Is the McLaren Senna too tame for you? Do you wish it was more powerful, more expensive, more exclusive and even harder to miss in a crowded lot of other look-at-me hypercars? I don’t know what reasonable person would wish for such a thing, but that’s not important; what is important is that McLaren has delivered on your request, and the Sabre is the result.
The Sabre takes McLaren’s mainstay 4.0-liter twin-turbocharged V8 and cranks the output to 824 horsepower, with 590 lb-ft of torque. That kind of firepower will reportedly take the Sabre all the way up to a top speed of 218 mph, making this the fastest non-hybrid two-seater McLaren has ever sold. “Two-seater” is the operative hedge here, because the two McLarens that are quicker in a straight line — the F1 and the Speedtail — each have room for three.

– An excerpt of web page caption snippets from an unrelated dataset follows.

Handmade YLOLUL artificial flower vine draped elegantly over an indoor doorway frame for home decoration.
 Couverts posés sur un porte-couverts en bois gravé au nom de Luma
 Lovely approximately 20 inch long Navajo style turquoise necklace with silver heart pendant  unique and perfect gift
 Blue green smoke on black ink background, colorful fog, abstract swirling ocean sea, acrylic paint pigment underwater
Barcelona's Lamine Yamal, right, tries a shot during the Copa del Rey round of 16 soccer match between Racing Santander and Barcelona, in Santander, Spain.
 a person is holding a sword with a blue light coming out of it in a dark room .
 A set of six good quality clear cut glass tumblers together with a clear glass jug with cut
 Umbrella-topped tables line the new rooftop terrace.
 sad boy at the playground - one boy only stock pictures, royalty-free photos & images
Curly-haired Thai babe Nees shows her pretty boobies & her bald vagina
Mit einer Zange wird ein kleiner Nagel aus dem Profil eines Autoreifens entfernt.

McLaren Special Operations will build just 15 Sabres, and they’ll all be a little bit different, as each will be configured specifically to the customer’s liking. Above, we see one with a two-tone indigo and polished carbon-fiber finish with brighter blue accents; another is white and red, possibly as a tribute to McLaren’s grand prix-winning racecars of the ’80s and early ’90s; yet another floating around the web appears to be yellow.
The Sabre’s silhouette closely follows that of the Senna, with a few additions like a Le Mans prototype-esque shark fin bridging the space between the back of the cockpit and the rear wing. Up front, air will be sliced and funneled by a more elaborate splitter with prominent canards. Every single visual cue suggests the Sabre Means Business, though I do lament that all of this has evidently come at the cost of the Senna’s coolest exterior feature — its lower door windows.
McLaren says all Sabres are going to buyers in the United States, apparently because aspects of the car would prohibit it from being sold elsewhere in the world. We don’t know what those specific qualities are, but regardless, it is rare to see a hypercar from a British or European automaker kept out of Europe.
What do you think of the Sabre, then? Personally, I’m struggling to care, as I already found the Senna pretty garish; I’m more looking forward to the Artura, which will be McLaren’s first completely new product in the better part of a decade, rather than yet another patch on an existing model.